## Exercise description
Print every entry, word for word, and skip the images.

## Data
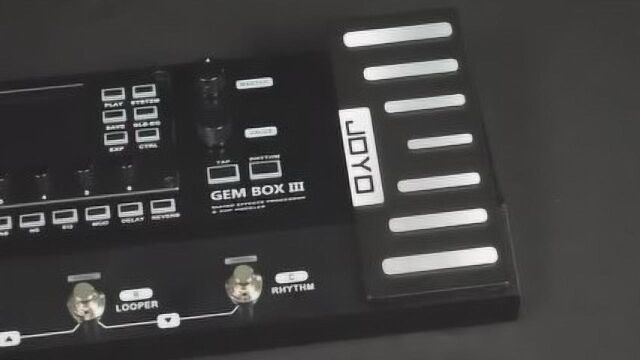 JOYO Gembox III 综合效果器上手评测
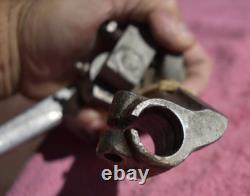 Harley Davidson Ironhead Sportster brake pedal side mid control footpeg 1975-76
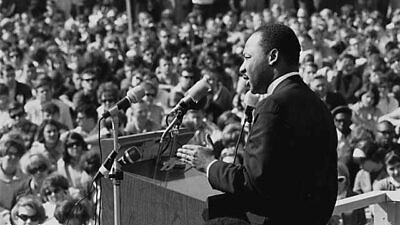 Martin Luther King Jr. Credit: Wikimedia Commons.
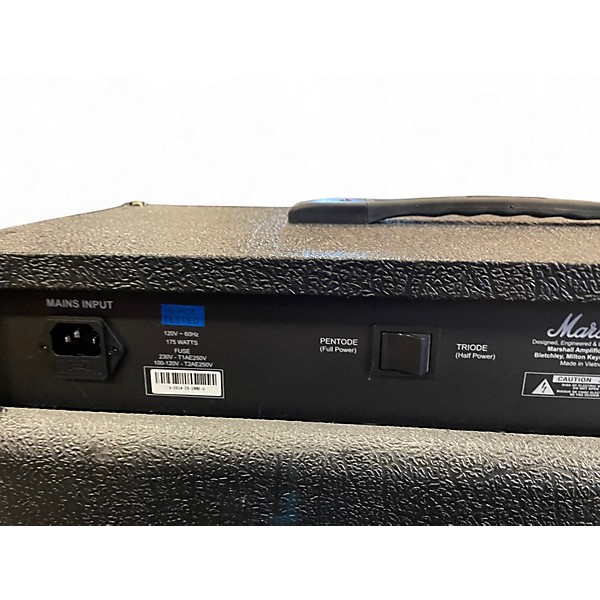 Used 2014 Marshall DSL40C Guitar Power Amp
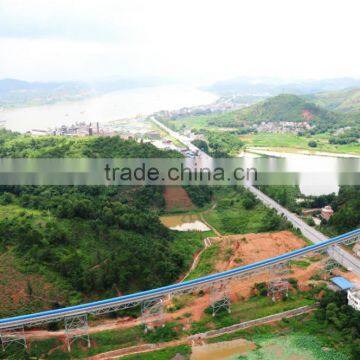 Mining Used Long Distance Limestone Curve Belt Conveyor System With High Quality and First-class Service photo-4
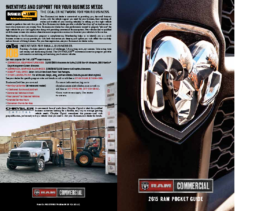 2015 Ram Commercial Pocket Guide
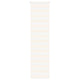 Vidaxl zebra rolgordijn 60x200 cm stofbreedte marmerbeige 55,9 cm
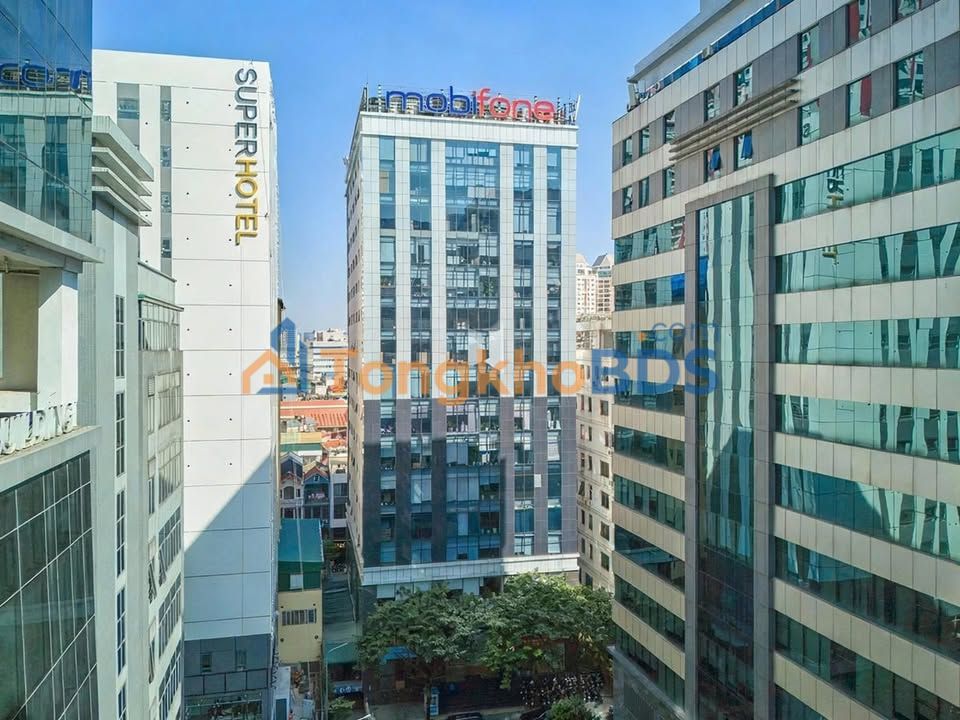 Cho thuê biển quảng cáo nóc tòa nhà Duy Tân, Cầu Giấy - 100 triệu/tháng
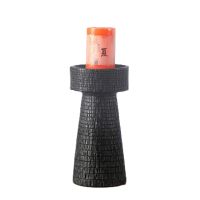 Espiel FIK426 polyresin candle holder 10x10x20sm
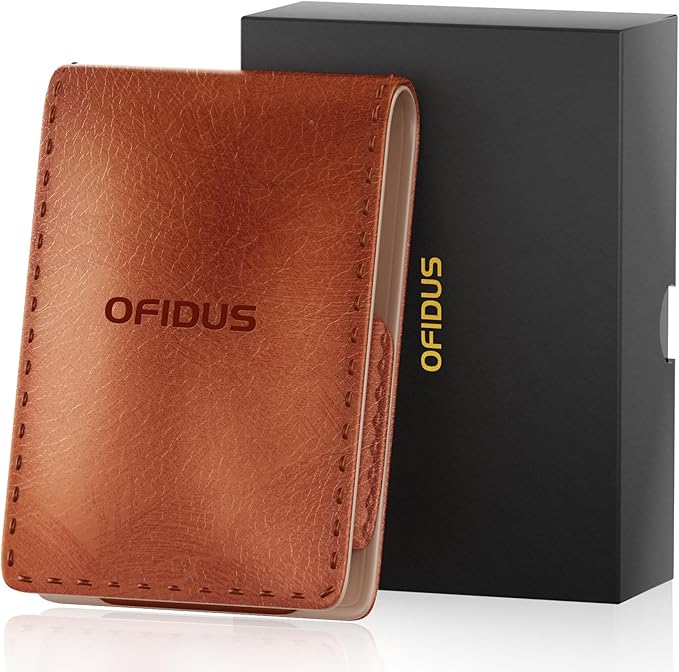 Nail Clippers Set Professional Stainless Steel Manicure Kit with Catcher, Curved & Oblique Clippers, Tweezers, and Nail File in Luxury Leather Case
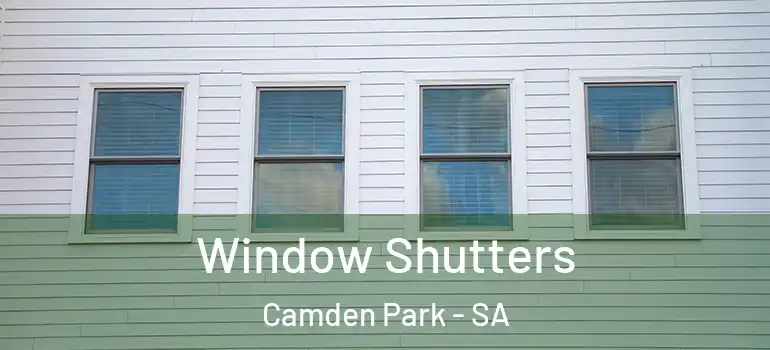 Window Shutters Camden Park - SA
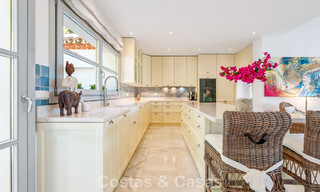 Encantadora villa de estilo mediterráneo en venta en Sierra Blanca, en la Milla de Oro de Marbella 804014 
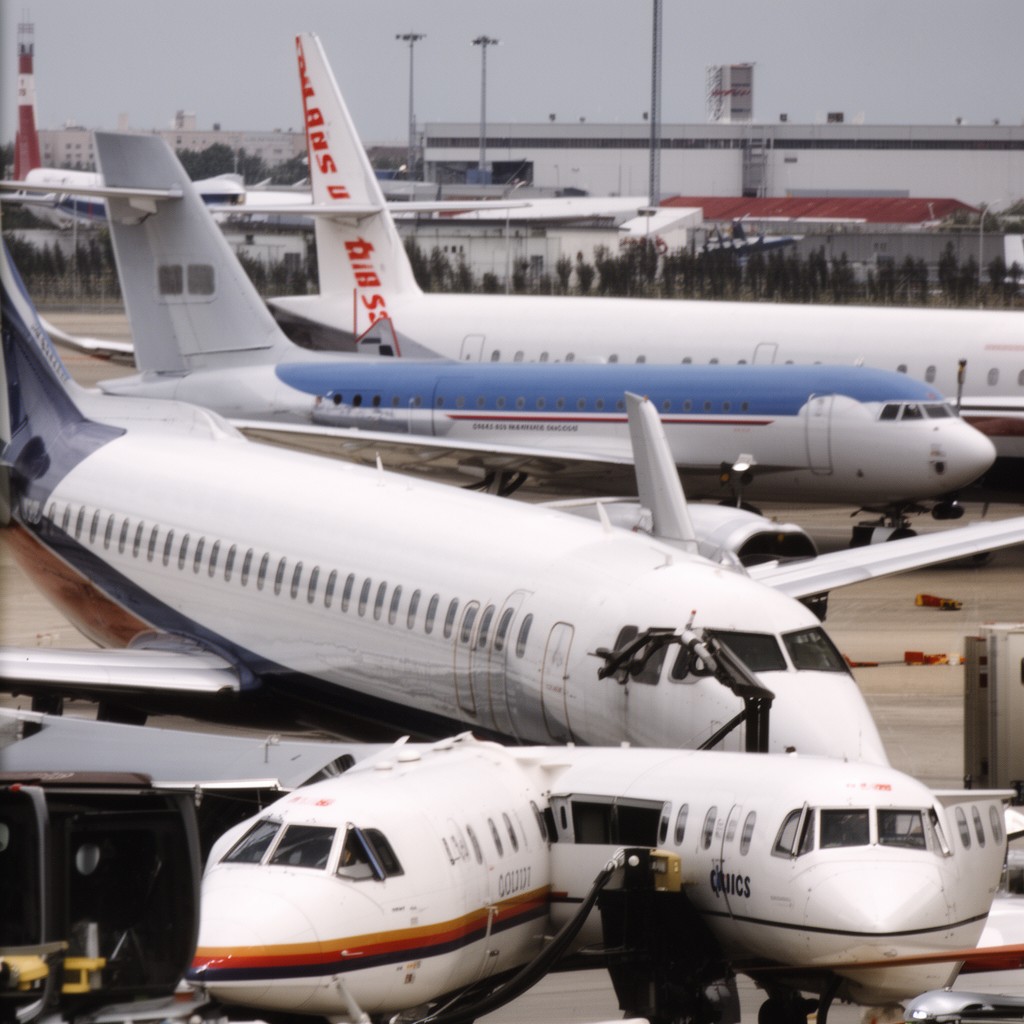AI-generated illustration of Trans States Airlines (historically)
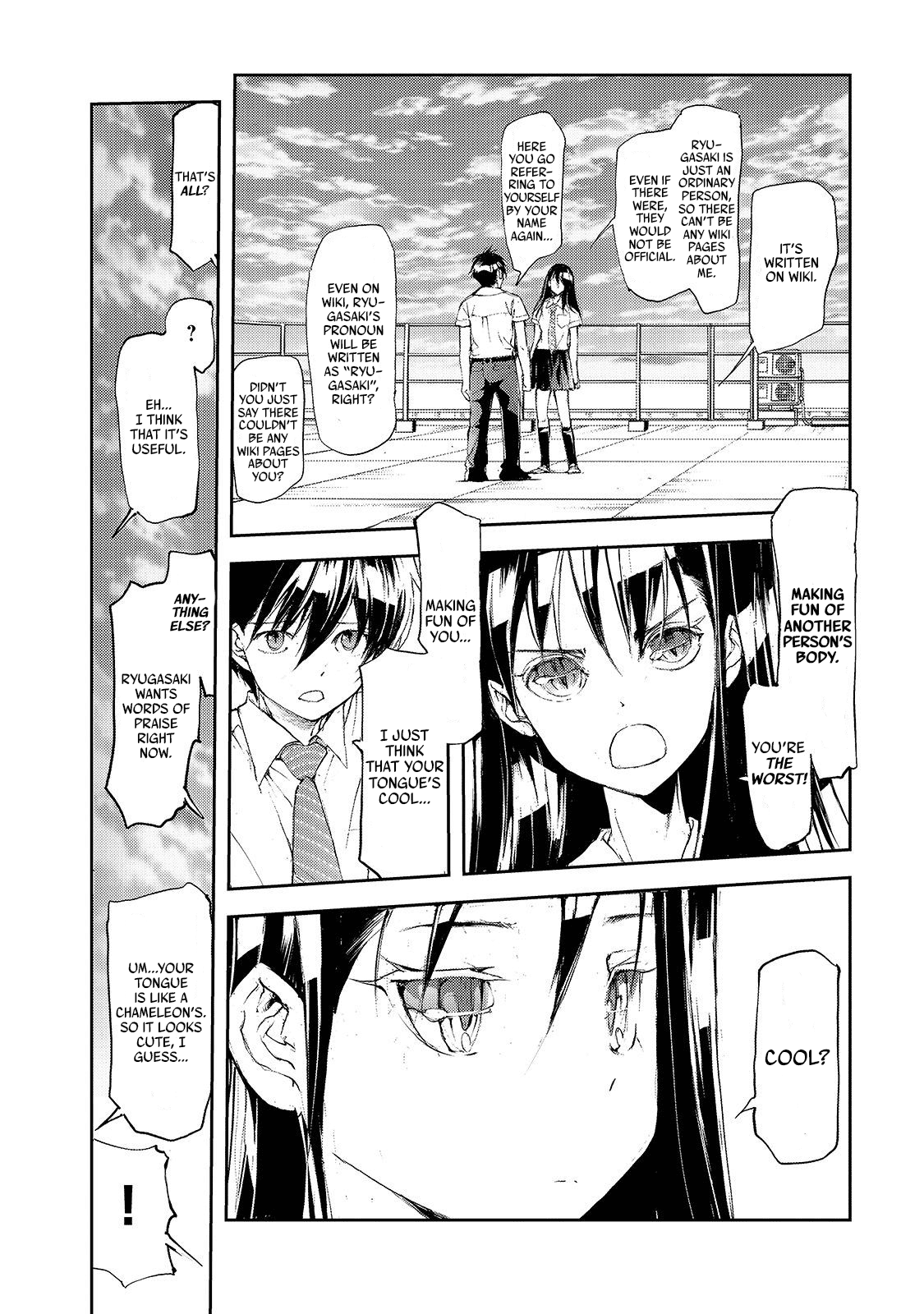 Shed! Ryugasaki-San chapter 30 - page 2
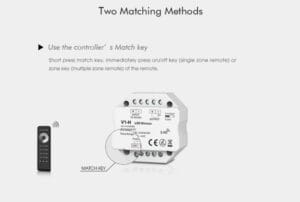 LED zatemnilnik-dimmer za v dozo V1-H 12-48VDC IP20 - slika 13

## Finished exercise
 JOYO Gembox III 综合效果器上手评测
 Harley Davidson Ironhead Sportster brake pedal side mid control footpeg 1975-76
 Martin Luther King Jr. Credit: Wikimedia Commons.
 Used 2014 Marshall DSL40C Guitar Power Amp
 Mining Used Long Distance Limestone Curve Belt Conveyor System With High Quality and First-class Service photo-4
 2015 Ram Commercial Pocket Guide
 Vidaxl zebra rolgordijn 60x200 cm stofbreedte marmerbeige 55,9 cm
 Cho thuê biển quảng cáo nóc tòa nhà Duy Tân, Cầu Giấy - 100 triệu/tháng
 Espiel FIK426 polyresin candle holder 10x10x20sm
 Nail Clippers Set Professional Stainless Steel Manicure Kit with Catcher, Curved & Oblique Clippers, Tweezers, and Nail File in Luxury Leather Case
 Window Shutters Camden Park - SA
 Encantadora villa de estilo mediterráneo en venta en Sierra Blanca, en la Milla de Oro de Marbella 804014 
AI-generated illustration of Trans States Airlines (historically)
 Shed! Ryugasaki-San chapter 30 - page 2
 LED zatemnilnik-dimmer za v dozo V1-H 12-48VDC IP20 - slika 13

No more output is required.